Family businesses are an important cornerstone of any economy, but often associated with the small and medium-size market segment. Few people know that some of the largest enterprises in the world– including US icon Ford and retail giant Wal-Mart – are also family-led.
Although no statistics are complete enough to map the presence of family businesses throughout the world, many studies have confirmed the importance of them for the global marketplace, which is especially true for the USA, where one third of all companies in the S&P 5002 index are family-owned.

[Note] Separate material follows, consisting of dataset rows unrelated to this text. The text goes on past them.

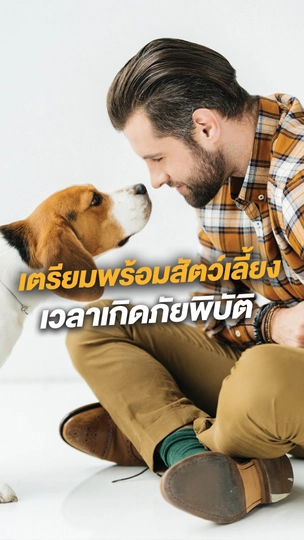 เตรียมพร้อมสัตว์เลี้ยง เวลาเกิดภัยพิบัติ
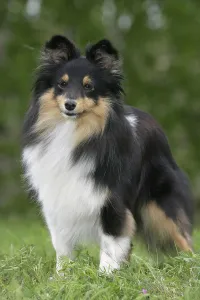 Sheltie, Shetland Sheepdog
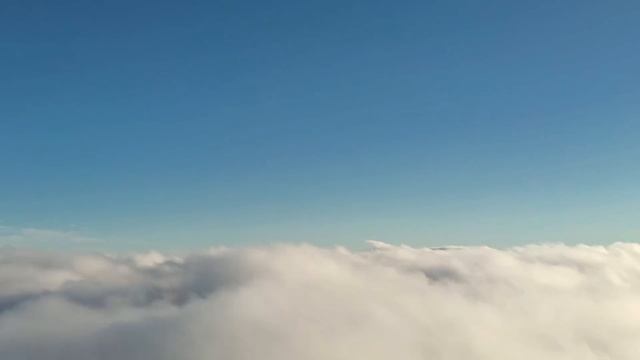 Наша птица. смотреть онлайн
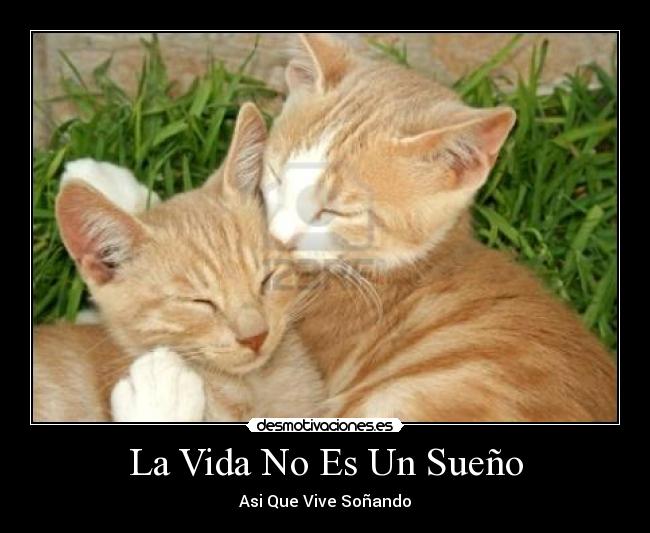 La Vida No Es Un Sueño -
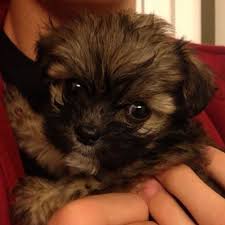 Maltese Black And Brown Shih Tzu My Cute Shih Tzu Maltese Mix She S Such A Sweetheart Cute Animals Puppy Pictures Maltese Shih Tzu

While it is not publically traded and therefore not listed in the prestigious S&P directory, Utility Trailer Manufacturing Company is a regarded fellow of the ‘big business’ club – and nothing like the old mid-sized firm you would expect when talking about a family business. Expecting strong sales in 2013, Utility is a company on the move, fully aware that to survive in a fast-evolving business landscape, it has to out-innovate the competition and seek new avenues of growth, such as expanding to booming Latin America.
Specialised in the design and manufacture of refrigerated transport equipment, Utility’s portfolio also comprises the full range of dry freight vans, flatbeds and curtain-sided trailers, which keep adding to the brand’s success across the US and beyond. Altogether, Utility’s five manufacturing sites in North America produced 37,719 units in 2012, helping it cement third position in the US trailing equipment market.
Despite the impressive economic track record, though, there still is a sense of family surrounding the business. Founded in 1914, Utility is North America’s oldest privately owned trailer manufacturing business, and that heritage is a well-preserved asset – even in a time where continuously reinventing the brand is essential for survival.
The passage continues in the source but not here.